• _TASK TO COMPLETE_
Please return the listing exactly as it stands, skipping any pictures.

• _LISTED RECORDS_
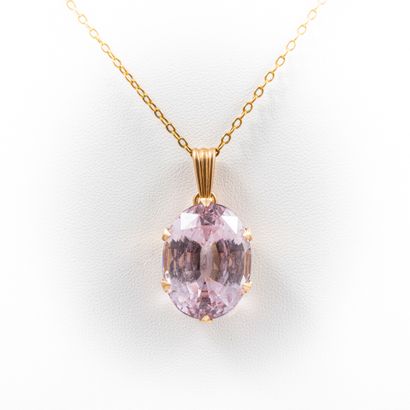 Pink stone pendant chain, gold setting

Circa...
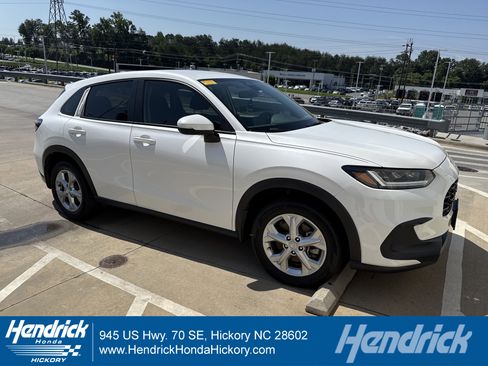 Used 2024 Honda HR-V LX image 1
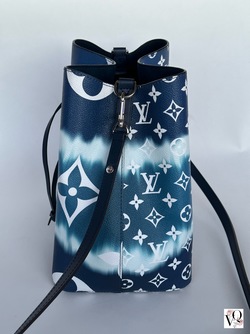 Louis Vuitton Escale Neonoé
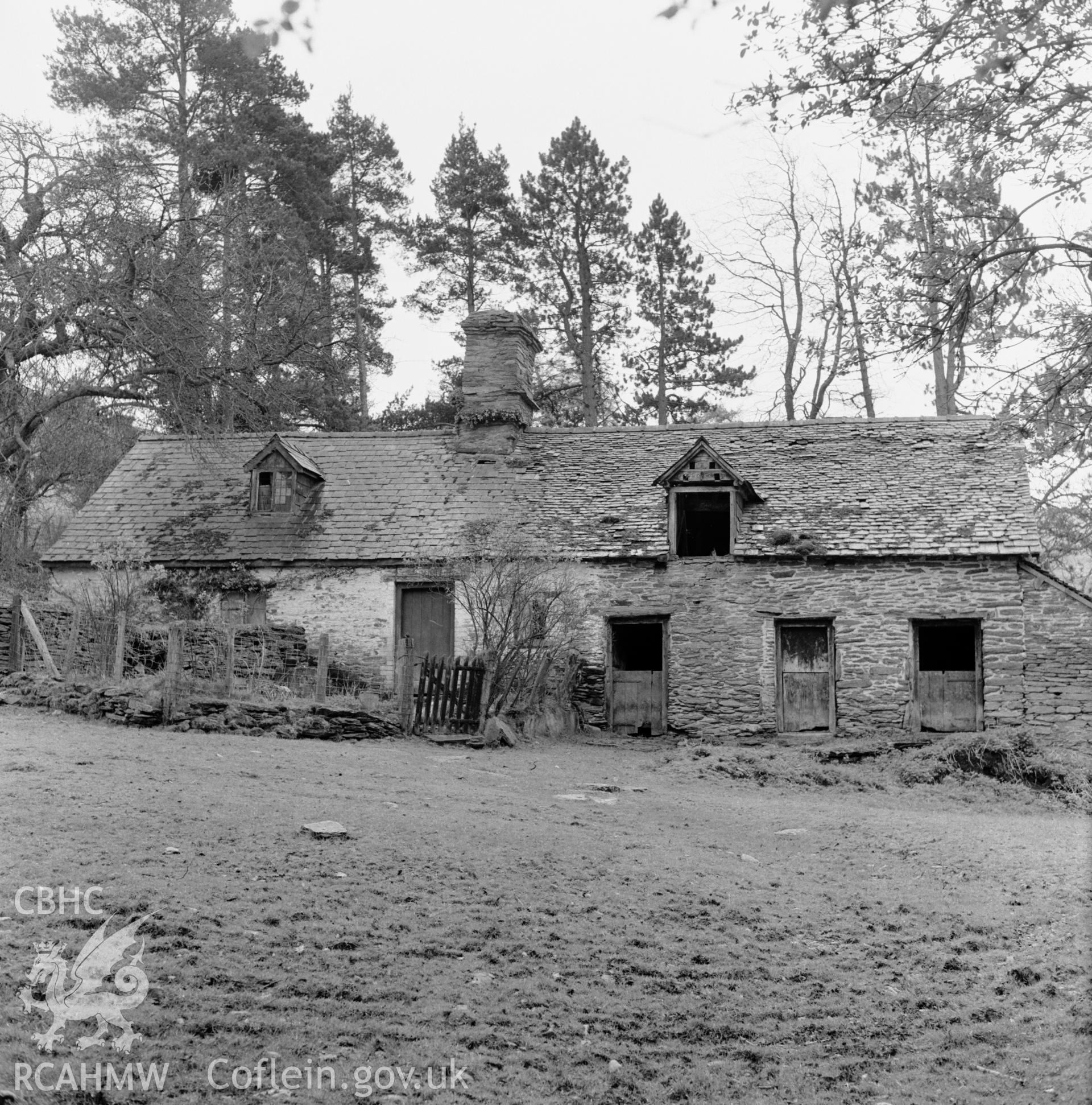 View of Gilfach takenby Harry Brooksby in 1970.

• _TASK ANSWER_
 Pink stone pendant chain, gold setting

Circa...
 Used 2024 Honda HR-V LX image 1
 Louis Vuitton Escale Neonoé
 View of Gilfach takenby Harry Brooksby in 1970.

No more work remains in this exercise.